The structural element is normally a box beam, i.e., a hollow rectangular beam that narrows progressively from the blade root to the tip. The box beam comprises two wider walls (caps), which are designed for placement perpendicular to the wind direction, and two narrower walls (webs) on each side of the caps.
The lamination process during blade manufacturing is done manually and thus the total absence of defects, such as the formation of wrinkles while applying laminate layers of material, cannot be ensured easily. These defects could result in the appearance of weaker spots along the blade box beam that are incapable of withstanding the established design loads.
When the wind turbine is in service, given the highly elevated loads that the blades undergo, the presence of weakened areas on the blade raises the likelihood of cracks stemming from material fatigue that could, in the most extreme cases, even cause the blade to fracture.
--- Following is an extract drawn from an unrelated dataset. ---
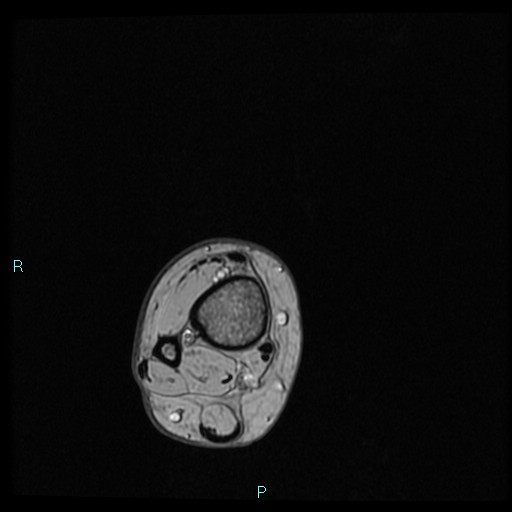 Ankle ganglion cyst (Radiopaedia 62809-71162 Axial Gradient Echo 98).jpg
The sole known method in the state of the art for repairing defects of this sort on the blade box beam entails replacing the entire affected laminate. This method is highly aggressive for the blade, since it entails cutting and burrowing into a section of the shell of up to six meters in length to gain access to and repair the weakened area on the box beam, and subsequently reconstructing the eliminated section of the shell. Given this method's aggressiveness, operations must be done by qualified technicians in environments with controlled conditions. The repair time for such a method is thus long (typically over 300 hours) and consequently expensive.
Moreover, this method has an added inconvenience in that the blade cannot be repaired while mounted on the wind turbine, thus necessitating the additional stages of dismounting the blade, lowering it to the ground level, and moving it to the repair plant, all of which makes the entire process much more expensive.
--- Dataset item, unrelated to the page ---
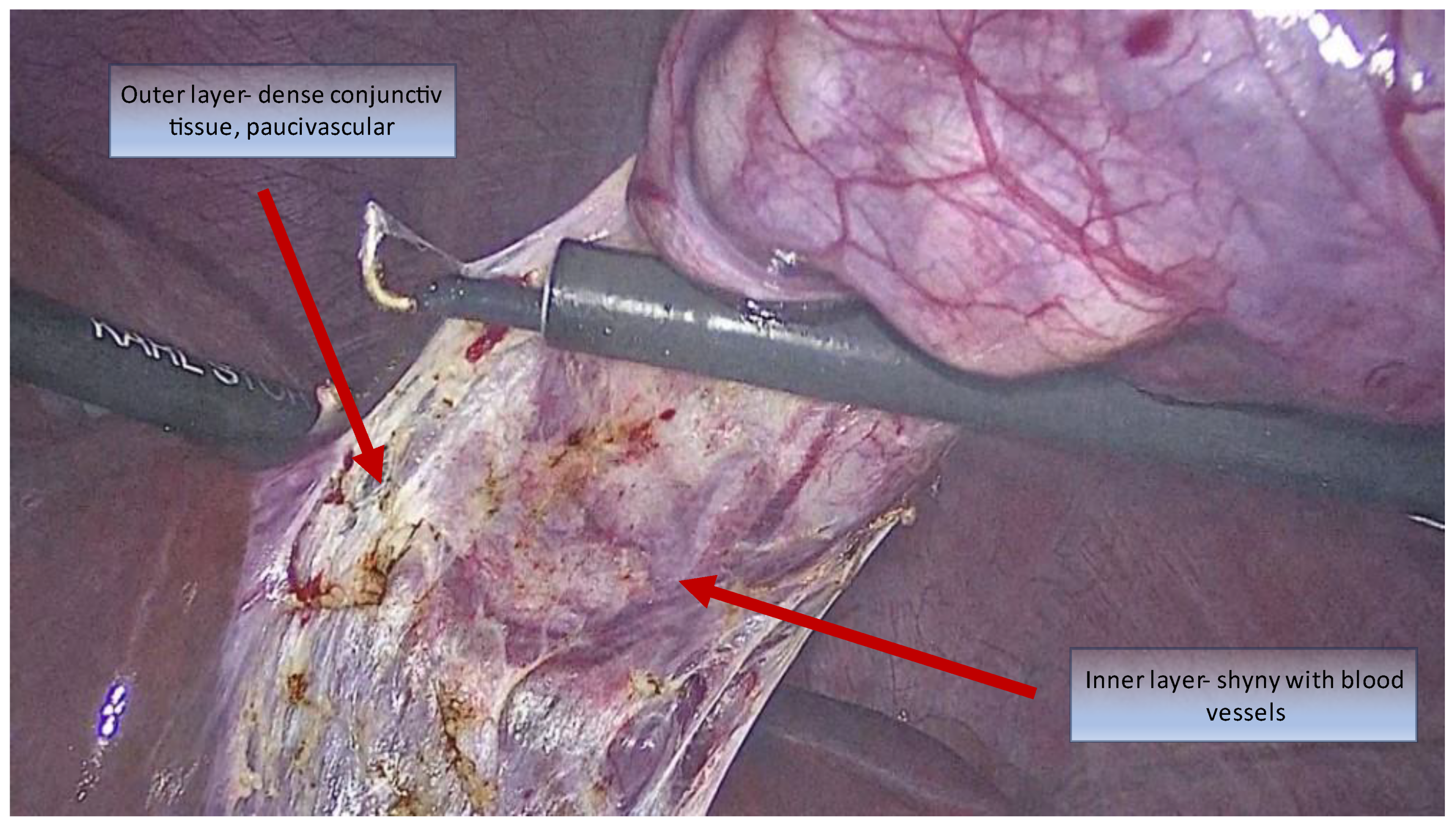 Medicina 59 01491 g004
Documents US 2011/167633 and EP 2 273 102 describe methods for repairing a damaged surface on a wind turbine blade shell. This repair is carried out from outside the blade.
The use of wind turbine blade inspection and cleaning devices is common in the current state of the art. For instance, EP 2 275 670 and DE 10330426 disclose devices that move on the outer part of the blade, and thus their functions are constrained to inspecting the shell, though incapable of accessing inside the blade box beam.
The use of devices adapted for inspecting the inside of a wind turbine blade is also common. DE 102009022179 discloses a device that slides while suspended into a blade pointing towards the ground, and Spanish patent application no. 201100618 (still unpublished on the submission date of the present application) describes an inspection carriage capable of moving along inside the box beam of a wind turbine blade. Nevertheless, none of these documents disclose or suggest a device adapted for repairing a surface on the box beam in the weakened blade area.
It would thus be desirable to have a system, and a method, to reinforce a weakened area of a wind turbine blade quickly and economically, and, in particular, with no need to have to dismount the blade from its service position.